Dom Dolla singles chronology
| "Be Randy" (2017) | "Take It" (2018) | "San Frandisco" (2019) |

Music video
- "Take It" on YouTube

= Take It =

"Take It" is a song by Australian house music producer Dom Dolla. It was released in July 2018.

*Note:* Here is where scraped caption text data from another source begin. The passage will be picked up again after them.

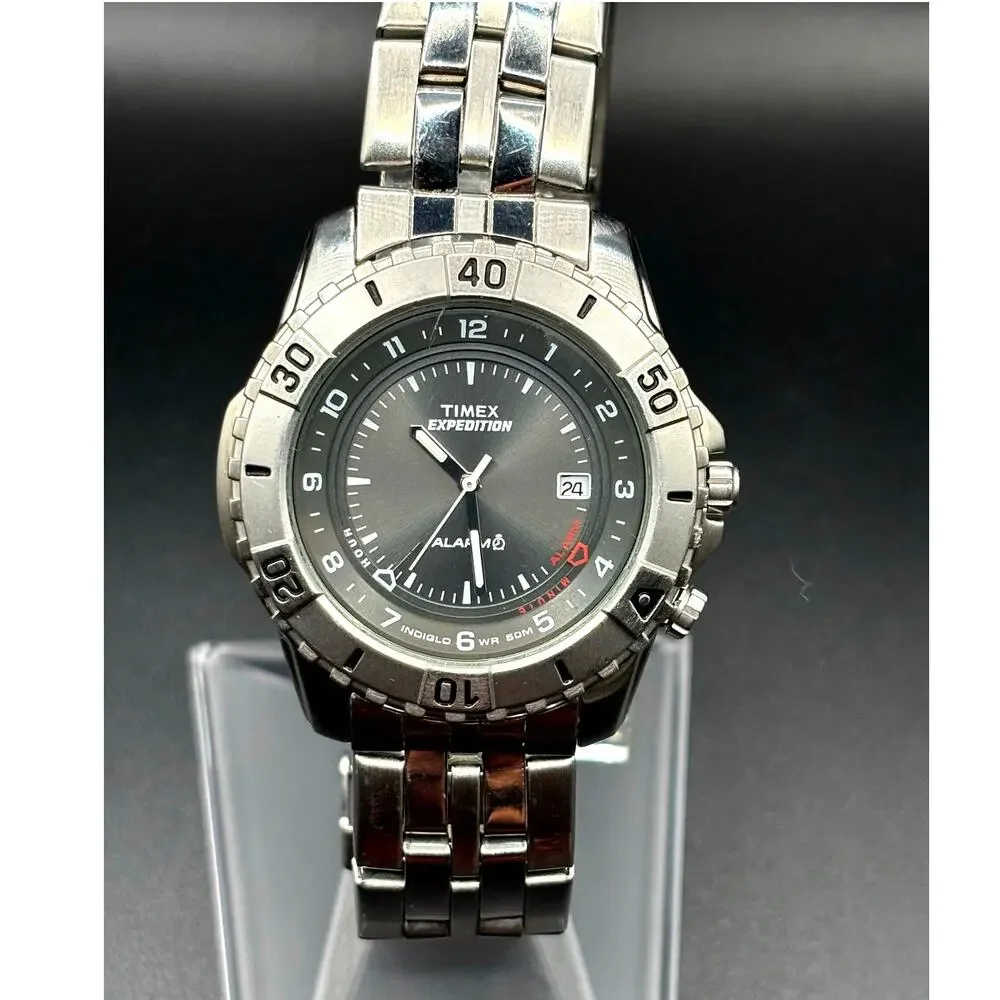 Timex Expedition T43391 Shenmue Alarm Indiglo Steel Bracelet 39mm Vintage Watch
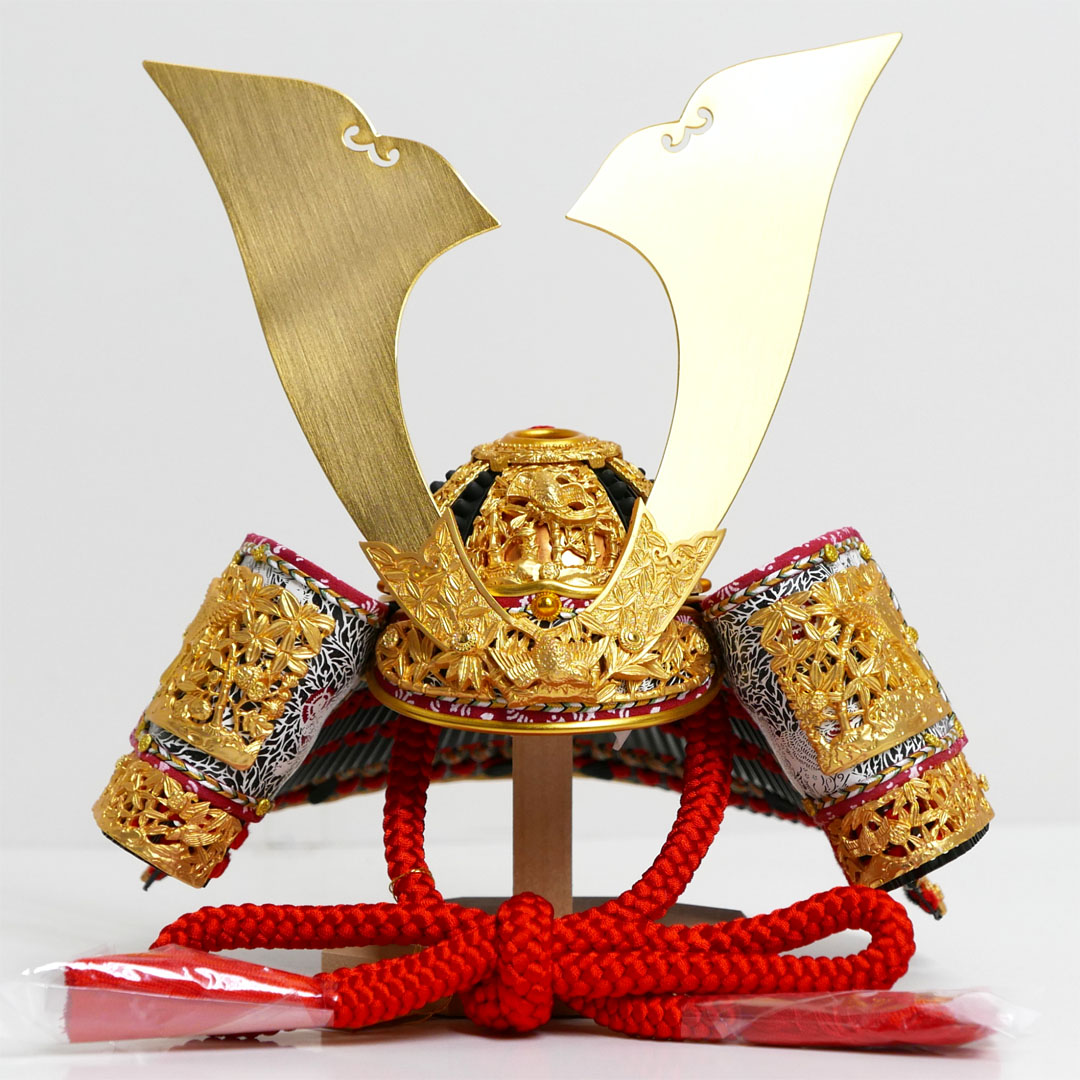 竹雀之兜10号二曲金屏風弓太刀兜飾りが安い 雄山作 国宝模写 五月人形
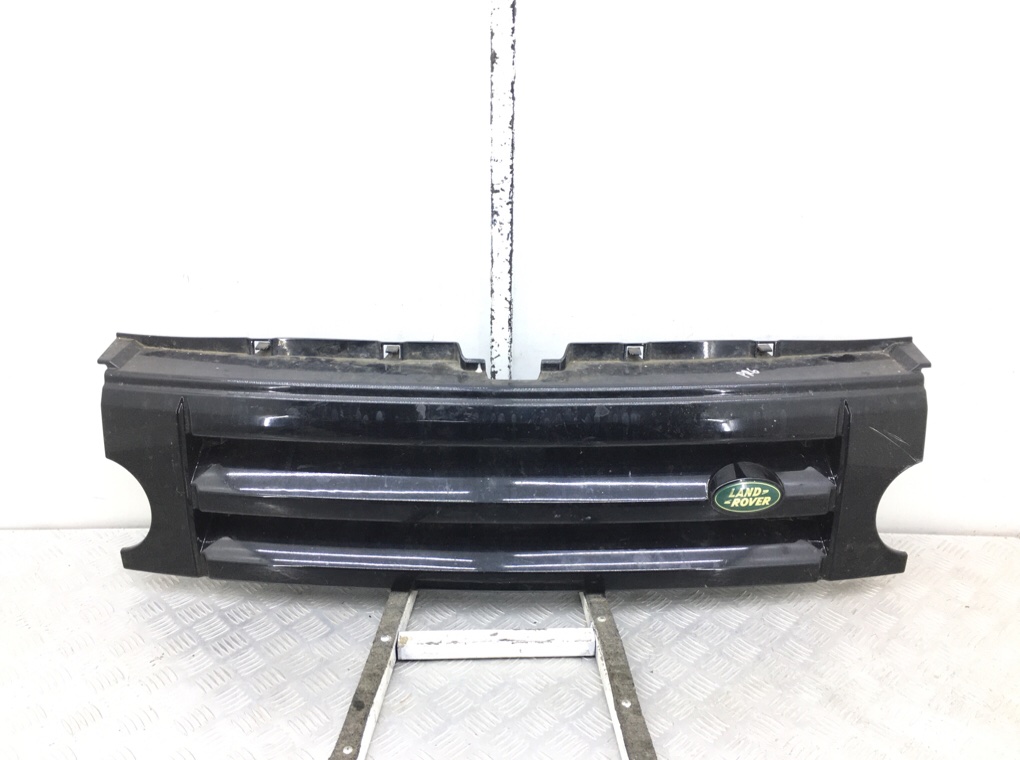 Решетка радиатора для Land Rover Discovery, 2007 г. 2.7 TD дизель б/у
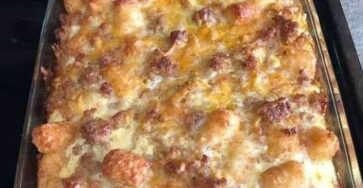 TATER TOT SAUSAGE BREAKFAST CASSEROLE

At the ARIA Music Awards of 2019, the song was nominated for Best Dance Release.
At the APRA Music Awards of 2020, the song was nominated for Most Performed Dance Work of the Year.

==Reception==
Billboard called the song "one spicy funk jam" saying "The Australian producer's runaway hit uses trippy melodies, jackin' rhythm and toe-curling synth bass to burrow into your brain and make your whole body move."

==Track listing==
Digital download (SWEATDS336)
1. "Take It" – 3:54

Digital download (remixes) (SWEATDS338DJ)
1. "Take It" (Billy Kenny Remix) – 5:18
2. "Take It" (Wongo Remix) – 5:10
3. "Take It" (ZDS Remix)	– 6:40
4. "Take It" (Jay Robinson Remix) – 4:45
5. "Take It" (Holmes John Remix) – 4:21

Digital download (Sonny Fodera remix)
1. "Take It" – 3:40

==Charts==

===Weekly charts===

Weekly chart performance for "Take It"
| Chart (2018–2019) | Peak position |
|---|---|
| Australia Club (ARIA Charts) | 1 |
| Belgium (Ultratip Bubbling Under Flanders) | 41 |
| Hungary (Dance Top 40) | 18 |

===Year-end charts===

Year-end chart performance for "Take It"
| Chart (2019) | Position |
|---|---|
| Hungary (Dance Top 40) | 60 |

==Certifications==

Certifications for "Take It"
| Region | Certification | Certified units/sales |
| Australia (ARIA) | Platinum | 70,000^{‡} |
| Canada (Music Canada) | Gold | 40,000^{‡} |
| New Zealand (RMNZ) | Platinum | 30,000^{‡} |
^{‡} Sales+streaming figures based on certification alone.